» GIVEN RECORDS:

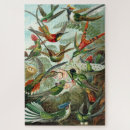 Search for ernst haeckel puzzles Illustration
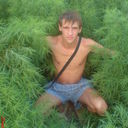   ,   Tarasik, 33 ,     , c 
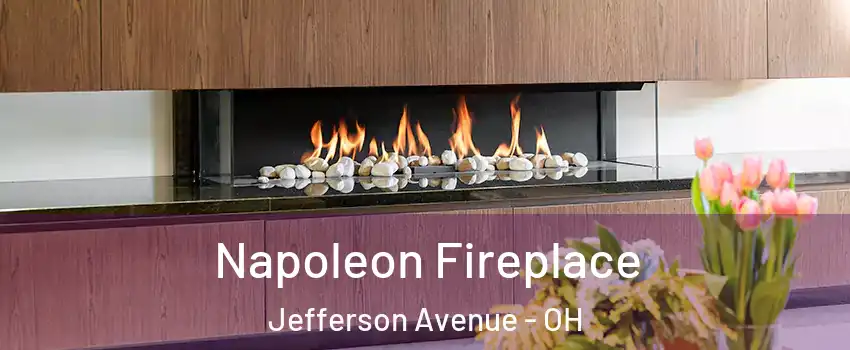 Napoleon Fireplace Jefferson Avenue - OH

...

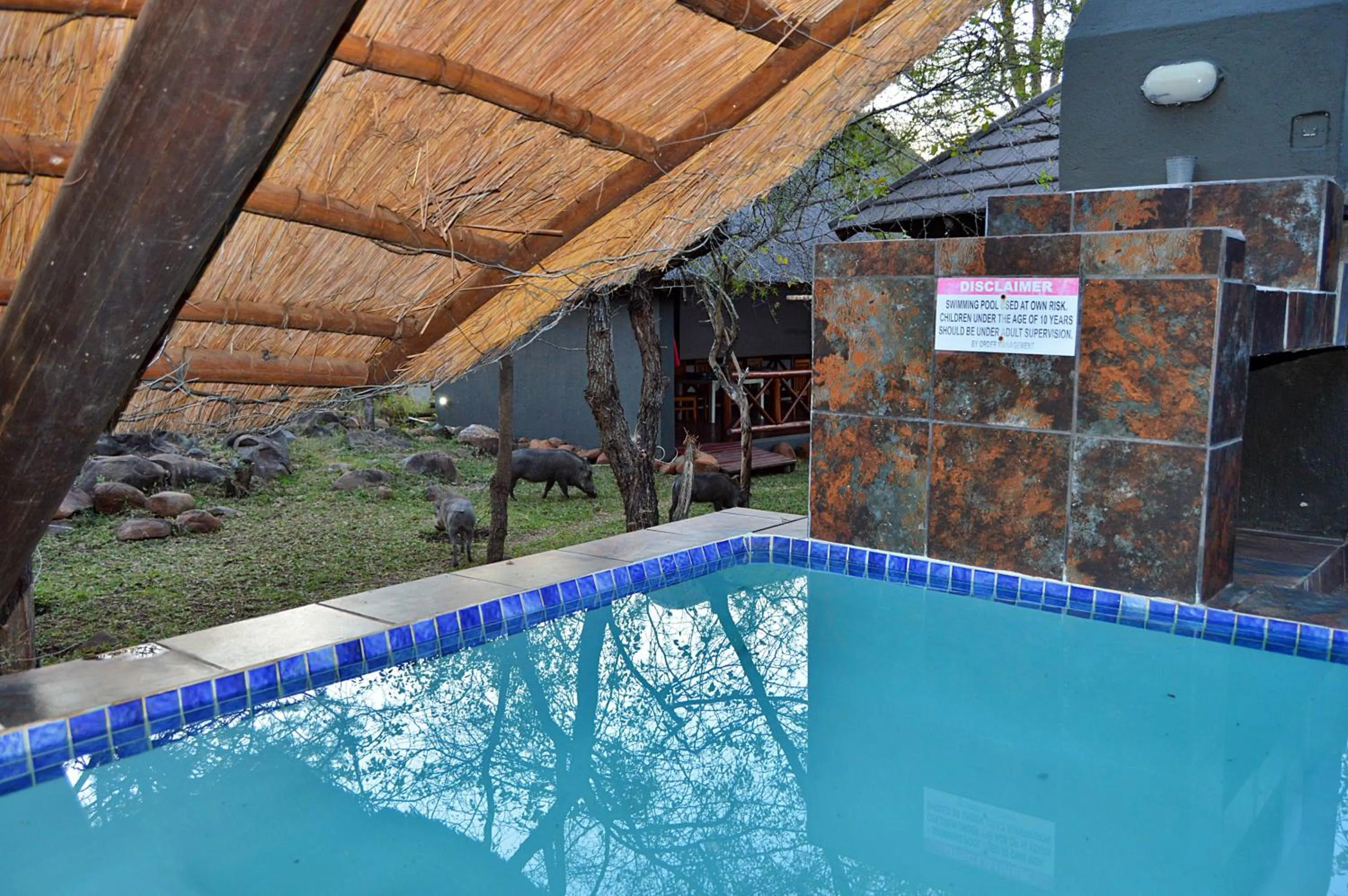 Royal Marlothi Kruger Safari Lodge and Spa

» DIRECTIONS FOR THIS TASK:
From the listing above, restate verbatim the lines running from the one with "Search for ernst" through the one with "Napoleon Fireplace Jefferson Avenue - OH", inclusive, but not the pictures.

» SOLUTION:
 Search for ernst haeckel puzzles Illustration
   ,   Tarasik, 33 ,     , c 
 Napoleon Fireplace Jefferson Avenue - OH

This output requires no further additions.